In pure F#, nulls cannot exist accidentally. A string or object must always be assigned to something at creation, and is immutable thereafter

let config = getConfig
match config with
| None -> printfn "Invalid config"
| Some c -> printgn "Valid config"

Though C# does not have anything out of the box to define optional values, we can define one of our own. The Maybe class is one such implementation of an optional concept. The name is influenced by the option type in Haskell, Maybe. There are also other implementations of Maybe but the concept remains the same - we can represent an optional type in C#. The code contracts are stronger using Maybe as a return type. If a function always returns a value, say a string, the function contract should remain as a string. If a function cannot return a value always and can return null/empty (assuming that these are invalid values) then it returns a Maybe<string>. This makes it clearer for consuming code on whether they should check for null/empty values.

Maybe<string> config = repository.GetConfig();
config.Do(value => LoadFromFile(value));

You can write different extension methods on the Maybe class, depending on how you want to process the value. In the above example, I have a Do extension method that calls on to a function with the configuration value if any exists. By explicitly stating that a value may or may not be present we have more clarity in code. No longer do we need any unnecessary null checks in the case where a value is always present. This is best achieved when agreed upon as a convention by the development team and enforced through tooling (like code analysis).

Value Objects

One of the root problem for having a lot of null/empty checks scattered across the code is Primitive Obsession. Just because you can represent a value as a string, it doesn't mean that you always should. Enforcing structural restrictions imposed by the business is best done by encapsulating these constraints within a class, also known as a Value Object. This leads to classes for representing various non-nullable values for e.g. Name, configuration, Age etc. You can use this in conjunction with Null Object pattern if required. A value object is a class whose equality is based on the value that it holds. So two class instances with same values will be treated equally. In F# you get this by default but in C# you need to override Equals and GetHashCode functions to enforce this equality.

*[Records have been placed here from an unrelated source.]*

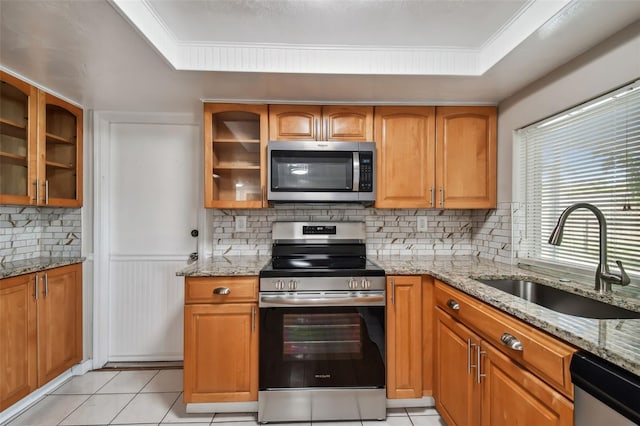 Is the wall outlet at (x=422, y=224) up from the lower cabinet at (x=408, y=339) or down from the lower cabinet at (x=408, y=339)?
up

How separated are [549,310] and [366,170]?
1.33 metres

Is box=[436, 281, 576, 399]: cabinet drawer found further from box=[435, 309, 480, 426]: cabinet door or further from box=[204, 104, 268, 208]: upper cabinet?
box=[204, 104, 268, 208]: upper cabinet

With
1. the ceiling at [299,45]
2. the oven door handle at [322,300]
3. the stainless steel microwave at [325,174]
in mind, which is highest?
the ceiling at [299,45]

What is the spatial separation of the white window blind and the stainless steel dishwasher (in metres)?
0.84

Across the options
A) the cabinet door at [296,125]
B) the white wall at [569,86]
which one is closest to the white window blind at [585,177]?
the white wall at [569,86]

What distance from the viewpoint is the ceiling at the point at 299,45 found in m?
1.39

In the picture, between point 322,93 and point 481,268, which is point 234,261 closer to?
point 322,93

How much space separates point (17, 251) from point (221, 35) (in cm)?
221

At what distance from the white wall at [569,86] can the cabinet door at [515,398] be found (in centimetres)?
128

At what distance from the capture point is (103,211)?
2564 mm

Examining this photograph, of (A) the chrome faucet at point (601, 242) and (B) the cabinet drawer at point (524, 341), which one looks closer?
(B) the cabinet drawer at point (524, 341)

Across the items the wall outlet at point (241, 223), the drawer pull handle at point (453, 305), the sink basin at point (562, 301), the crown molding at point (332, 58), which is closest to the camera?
the sink basin at point (562, 301)

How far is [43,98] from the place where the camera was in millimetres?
2074

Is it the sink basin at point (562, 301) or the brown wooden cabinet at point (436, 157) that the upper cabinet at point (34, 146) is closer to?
the brown wooden cabinet at point (436, 157) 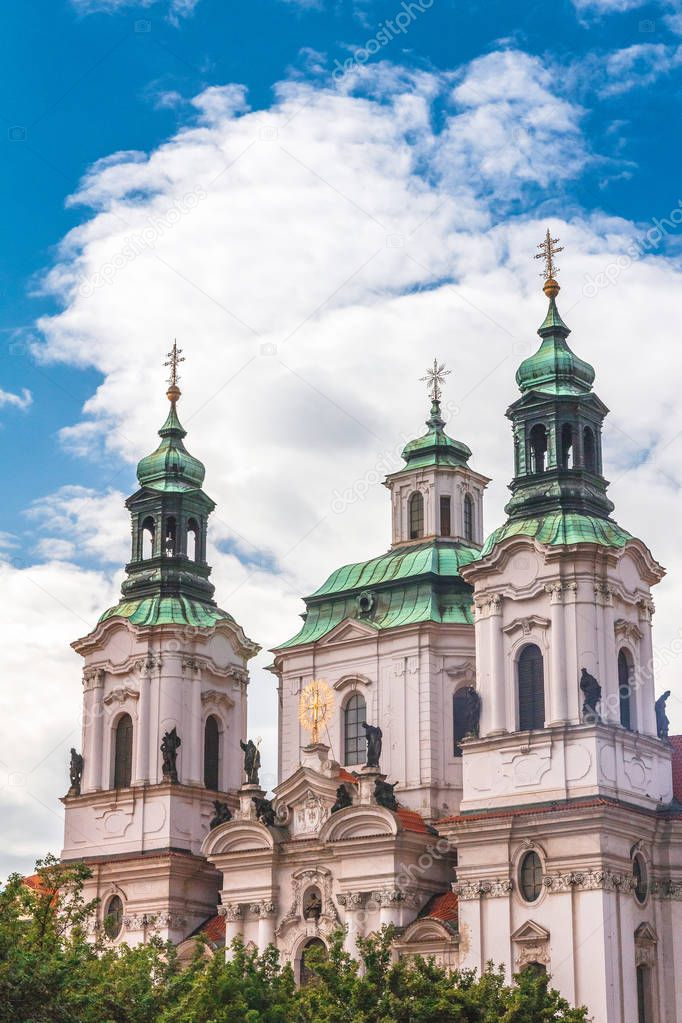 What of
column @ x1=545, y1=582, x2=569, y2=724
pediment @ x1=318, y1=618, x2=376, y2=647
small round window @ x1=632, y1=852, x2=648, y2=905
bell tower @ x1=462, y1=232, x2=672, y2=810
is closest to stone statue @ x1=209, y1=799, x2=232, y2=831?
pediment @ x1=318, y1=618, x2=376, y2=647

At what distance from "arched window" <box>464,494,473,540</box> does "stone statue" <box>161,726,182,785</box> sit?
11.2 meters

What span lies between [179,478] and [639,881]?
21255 mm

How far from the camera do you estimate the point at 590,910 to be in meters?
41.6

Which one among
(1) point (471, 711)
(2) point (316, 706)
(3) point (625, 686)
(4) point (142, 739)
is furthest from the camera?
(4) point (142, 739)

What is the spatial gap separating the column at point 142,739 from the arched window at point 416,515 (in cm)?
962

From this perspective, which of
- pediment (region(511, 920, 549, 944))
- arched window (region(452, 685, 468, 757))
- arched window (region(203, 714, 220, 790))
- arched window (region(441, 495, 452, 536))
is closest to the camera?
pediment (region(511, 920, 549, 944))

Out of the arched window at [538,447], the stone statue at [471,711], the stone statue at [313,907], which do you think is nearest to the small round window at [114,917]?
the stone statue at [313,907]

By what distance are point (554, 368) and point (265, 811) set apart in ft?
49.2

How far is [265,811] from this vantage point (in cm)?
4869

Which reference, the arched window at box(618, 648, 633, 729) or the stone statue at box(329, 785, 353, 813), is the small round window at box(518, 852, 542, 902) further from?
the stone statue at box(329, 785, 353, 813)

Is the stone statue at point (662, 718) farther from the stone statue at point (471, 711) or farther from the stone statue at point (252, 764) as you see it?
the stone statue at point (252, 764)

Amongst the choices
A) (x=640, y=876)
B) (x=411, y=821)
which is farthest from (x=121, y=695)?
(x=640, y=876)

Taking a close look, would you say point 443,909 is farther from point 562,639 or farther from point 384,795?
point 562,639

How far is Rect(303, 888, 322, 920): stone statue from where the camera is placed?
47000 millimetres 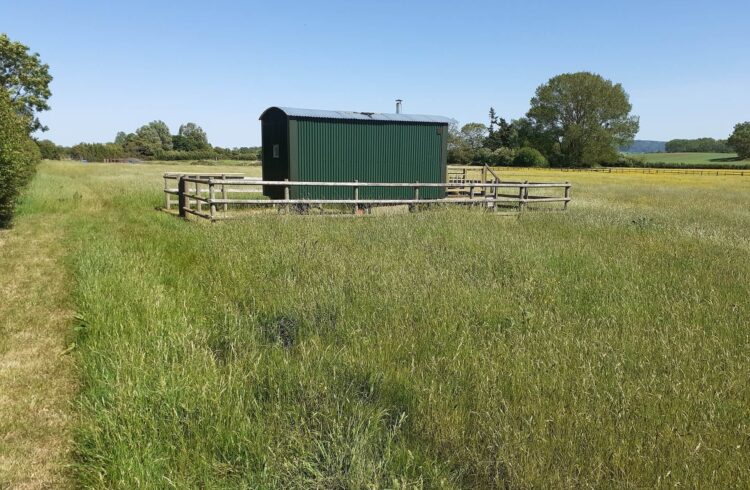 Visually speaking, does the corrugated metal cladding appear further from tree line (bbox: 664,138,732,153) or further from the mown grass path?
tree line (bbox: 664,138,732,153)

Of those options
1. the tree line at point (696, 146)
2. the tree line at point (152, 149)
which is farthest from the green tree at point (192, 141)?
the tree line at point (696, 146)

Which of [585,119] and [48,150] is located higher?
[585,119]

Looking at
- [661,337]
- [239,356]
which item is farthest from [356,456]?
[661,337]

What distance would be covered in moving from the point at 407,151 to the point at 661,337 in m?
13.3

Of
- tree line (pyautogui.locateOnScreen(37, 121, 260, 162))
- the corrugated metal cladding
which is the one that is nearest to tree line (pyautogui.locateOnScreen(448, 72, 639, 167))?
tree line (pyautogui.locateOnScreen(37, 121, 260, 162))

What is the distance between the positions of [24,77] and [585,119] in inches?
2960

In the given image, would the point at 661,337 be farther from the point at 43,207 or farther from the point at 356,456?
the point at 43,207

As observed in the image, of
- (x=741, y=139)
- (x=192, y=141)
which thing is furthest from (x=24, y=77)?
(x=741, y=139)

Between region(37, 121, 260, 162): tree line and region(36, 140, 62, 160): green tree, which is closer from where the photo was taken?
region(36, 140, 62, 160): green tree

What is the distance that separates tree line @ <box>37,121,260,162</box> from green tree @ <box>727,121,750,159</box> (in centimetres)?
9758

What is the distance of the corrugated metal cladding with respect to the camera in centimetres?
1565

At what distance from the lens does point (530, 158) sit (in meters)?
76.9

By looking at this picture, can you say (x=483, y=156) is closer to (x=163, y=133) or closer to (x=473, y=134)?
(x=473, y=134)

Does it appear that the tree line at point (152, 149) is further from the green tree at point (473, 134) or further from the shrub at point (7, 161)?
the shrub at point (7, 161) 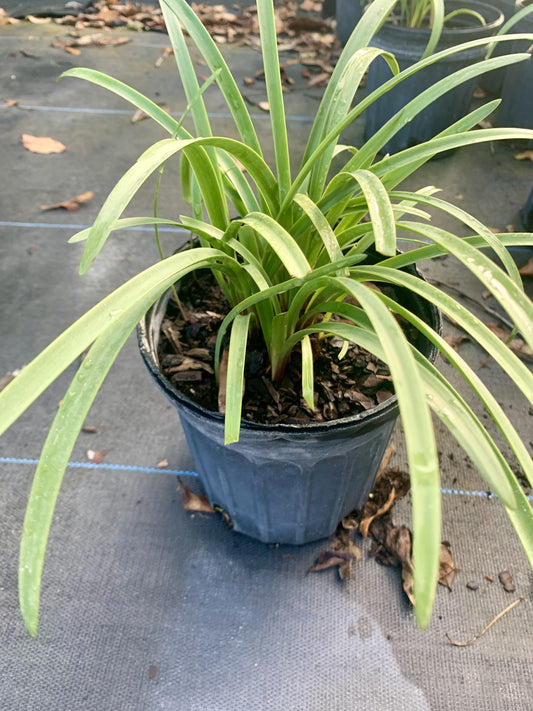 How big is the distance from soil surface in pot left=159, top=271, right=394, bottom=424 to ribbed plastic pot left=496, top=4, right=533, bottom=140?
173 cm

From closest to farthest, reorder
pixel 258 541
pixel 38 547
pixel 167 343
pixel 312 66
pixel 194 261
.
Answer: pixel 38 547 → pixel 194 261 → pixel 167 343 → pixel 258 541 → pixel 312 66

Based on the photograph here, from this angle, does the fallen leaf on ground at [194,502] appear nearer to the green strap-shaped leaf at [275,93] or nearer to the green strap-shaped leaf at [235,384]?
the green strap-shaped leaf at [235,384]

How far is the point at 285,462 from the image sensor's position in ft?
2.43

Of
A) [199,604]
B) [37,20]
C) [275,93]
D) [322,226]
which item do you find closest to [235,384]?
[322,226]

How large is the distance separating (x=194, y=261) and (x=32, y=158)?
5.60 feet

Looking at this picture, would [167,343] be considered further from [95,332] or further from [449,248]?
[449,248]

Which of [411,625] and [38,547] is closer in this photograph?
[38,547]

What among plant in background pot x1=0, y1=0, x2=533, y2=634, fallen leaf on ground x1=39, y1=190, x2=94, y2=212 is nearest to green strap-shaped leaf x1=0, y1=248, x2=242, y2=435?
plant in background pot x1=0, y1=0, x2=533, y2=634

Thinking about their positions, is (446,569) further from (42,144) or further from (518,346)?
(42,144)

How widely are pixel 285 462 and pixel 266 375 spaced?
0.14 metres

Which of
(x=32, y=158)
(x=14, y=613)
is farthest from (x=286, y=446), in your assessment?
(x=32, y=158)

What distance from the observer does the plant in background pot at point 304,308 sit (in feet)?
1.40

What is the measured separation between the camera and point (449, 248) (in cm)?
51

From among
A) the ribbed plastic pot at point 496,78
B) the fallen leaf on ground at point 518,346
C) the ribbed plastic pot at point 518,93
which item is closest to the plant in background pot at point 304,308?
the fallen leaf on ground at point 518,346
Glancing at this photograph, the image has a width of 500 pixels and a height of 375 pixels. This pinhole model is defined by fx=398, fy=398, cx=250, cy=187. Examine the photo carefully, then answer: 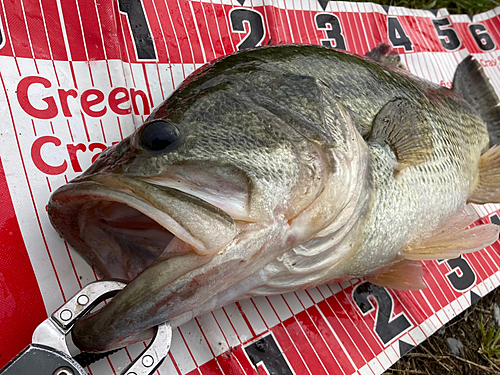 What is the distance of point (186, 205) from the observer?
0.93m

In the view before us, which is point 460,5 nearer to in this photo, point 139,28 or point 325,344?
point 139,28

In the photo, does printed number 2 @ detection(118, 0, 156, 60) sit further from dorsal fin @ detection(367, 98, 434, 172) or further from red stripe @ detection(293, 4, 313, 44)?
dorsal fin @ detection(367, 98, 434, 172)

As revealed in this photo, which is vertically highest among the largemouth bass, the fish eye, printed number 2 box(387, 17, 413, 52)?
printed number 2 box(387, 17, 413, 52)

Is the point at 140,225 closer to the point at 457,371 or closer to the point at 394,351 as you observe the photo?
the point at 394,351

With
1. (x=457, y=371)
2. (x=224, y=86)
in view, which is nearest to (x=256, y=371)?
(x=224, y=86)

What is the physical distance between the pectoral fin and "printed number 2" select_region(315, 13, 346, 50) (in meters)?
1.52

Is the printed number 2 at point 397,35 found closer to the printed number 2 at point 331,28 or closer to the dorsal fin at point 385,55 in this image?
the printed number 2 at point 331,28

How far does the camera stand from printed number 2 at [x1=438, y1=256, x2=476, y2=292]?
218cm

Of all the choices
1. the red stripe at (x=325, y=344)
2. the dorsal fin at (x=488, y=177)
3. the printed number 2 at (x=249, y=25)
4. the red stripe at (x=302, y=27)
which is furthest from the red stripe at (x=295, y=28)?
the red stripe at (x=325, y=344)

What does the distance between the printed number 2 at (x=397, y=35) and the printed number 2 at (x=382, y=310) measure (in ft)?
6.03

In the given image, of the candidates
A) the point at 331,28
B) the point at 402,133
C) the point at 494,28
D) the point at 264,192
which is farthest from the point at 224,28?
the point at 494,28

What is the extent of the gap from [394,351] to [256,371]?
2.29 ft

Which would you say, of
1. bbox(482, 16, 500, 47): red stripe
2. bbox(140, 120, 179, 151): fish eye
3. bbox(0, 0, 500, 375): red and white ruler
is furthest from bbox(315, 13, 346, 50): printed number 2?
bbox(140, 120, 179, 151): fish eye

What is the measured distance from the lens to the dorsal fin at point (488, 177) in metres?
2.13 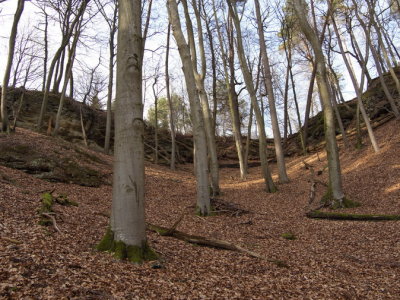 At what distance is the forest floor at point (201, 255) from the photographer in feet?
11.5

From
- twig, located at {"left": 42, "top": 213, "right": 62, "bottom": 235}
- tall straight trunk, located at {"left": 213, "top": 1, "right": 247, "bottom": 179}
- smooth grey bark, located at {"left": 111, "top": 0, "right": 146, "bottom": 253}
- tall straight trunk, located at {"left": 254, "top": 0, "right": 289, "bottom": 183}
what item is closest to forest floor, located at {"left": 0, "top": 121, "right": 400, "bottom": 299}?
twig, located at {"left": 42, "top": 213, "right": 62, "bottom": 235}

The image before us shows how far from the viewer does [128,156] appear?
170 inches

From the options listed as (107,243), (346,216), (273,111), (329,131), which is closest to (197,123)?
(329,131)

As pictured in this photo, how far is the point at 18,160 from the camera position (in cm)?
1098

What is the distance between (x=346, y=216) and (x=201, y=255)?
5.24 meters

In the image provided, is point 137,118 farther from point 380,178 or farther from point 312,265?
point 380,178

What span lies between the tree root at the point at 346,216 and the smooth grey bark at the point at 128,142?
6.37 m

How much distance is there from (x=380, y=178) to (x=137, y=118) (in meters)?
10.6

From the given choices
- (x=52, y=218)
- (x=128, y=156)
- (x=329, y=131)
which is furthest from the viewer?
(x=329, y=131)

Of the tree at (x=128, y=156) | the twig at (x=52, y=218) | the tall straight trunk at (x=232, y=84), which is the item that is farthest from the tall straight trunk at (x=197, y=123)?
the tall straight trunk at (x=232, y=84)

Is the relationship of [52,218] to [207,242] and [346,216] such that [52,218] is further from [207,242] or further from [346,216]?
[346,216]

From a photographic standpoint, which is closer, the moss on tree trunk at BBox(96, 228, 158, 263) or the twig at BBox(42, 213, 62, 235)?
the moss on tree trunk at BBox(96, 228, 158, 263)

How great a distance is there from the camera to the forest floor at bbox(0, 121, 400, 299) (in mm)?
3490

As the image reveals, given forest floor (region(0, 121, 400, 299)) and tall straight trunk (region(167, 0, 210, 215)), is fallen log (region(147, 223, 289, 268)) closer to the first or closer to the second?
forest floor (region(0, 121, 400, 299)) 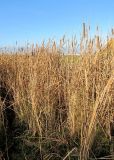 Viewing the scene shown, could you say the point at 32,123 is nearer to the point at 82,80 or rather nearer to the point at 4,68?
the point at 82,80

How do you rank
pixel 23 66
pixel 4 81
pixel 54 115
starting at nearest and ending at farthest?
pixel 54 115
pixel 23 66
pixel 4 81

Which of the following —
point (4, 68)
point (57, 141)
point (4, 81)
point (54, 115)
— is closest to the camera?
point (57, 141)

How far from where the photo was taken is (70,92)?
3.85m

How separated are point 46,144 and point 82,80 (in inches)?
27.8

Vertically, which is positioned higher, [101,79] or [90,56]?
[90,56]

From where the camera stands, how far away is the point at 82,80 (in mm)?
3557

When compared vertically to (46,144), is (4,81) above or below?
above

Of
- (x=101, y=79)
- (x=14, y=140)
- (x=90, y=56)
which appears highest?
(x=90, y=56)

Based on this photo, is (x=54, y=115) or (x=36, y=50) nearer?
(x=54, y=115)

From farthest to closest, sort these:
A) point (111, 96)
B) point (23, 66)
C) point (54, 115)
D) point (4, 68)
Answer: point (4, 68) → point (23, 66) → point (54, 115) → point (111, 96)

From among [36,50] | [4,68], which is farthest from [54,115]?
[4,68]

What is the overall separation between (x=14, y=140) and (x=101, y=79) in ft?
3.70

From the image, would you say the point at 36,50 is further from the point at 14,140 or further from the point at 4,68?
the point at 4,68

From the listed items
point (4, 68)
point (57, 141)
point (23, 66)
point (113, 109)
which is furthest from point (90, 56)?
point (4, 68) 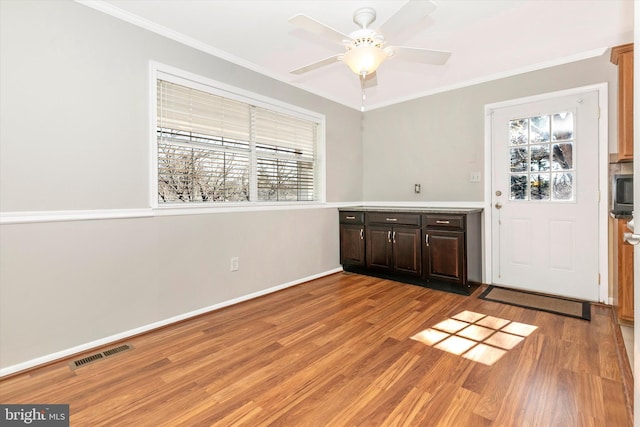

public class Configuration
{
    private string configuration;

    public Configuration(string configuration)
    {
        if (string.IsNullOrEmpty(configuration))
            throw new ArgumentNullException(nameof(configuration), "Configuration value cannot be null");

        this.configuration = configuration;
    }

    // override Equals and GetHashCode
}

Modeling concepts in the domain as classes helps you to contain the domain/business constraints in a single place. This prevents the need to have null checks elsewhere in the code. Value objects being immutable helps enforce class invariants.

The above two methods help create a stronger contract in code. As with any conventions, this is useful only when followed by the whole team. Conventions are best followed if enforced through tooling. You can create custom code analysis rules to enforce return type to be of type if any method is returning null. Even if you are introducing this into a large existing code base you can do this incrementally, by starting to enforce them on commits (if you are using git) like when introducing styling into an existing project. What other contracts do you find helpful to make the code more expressive?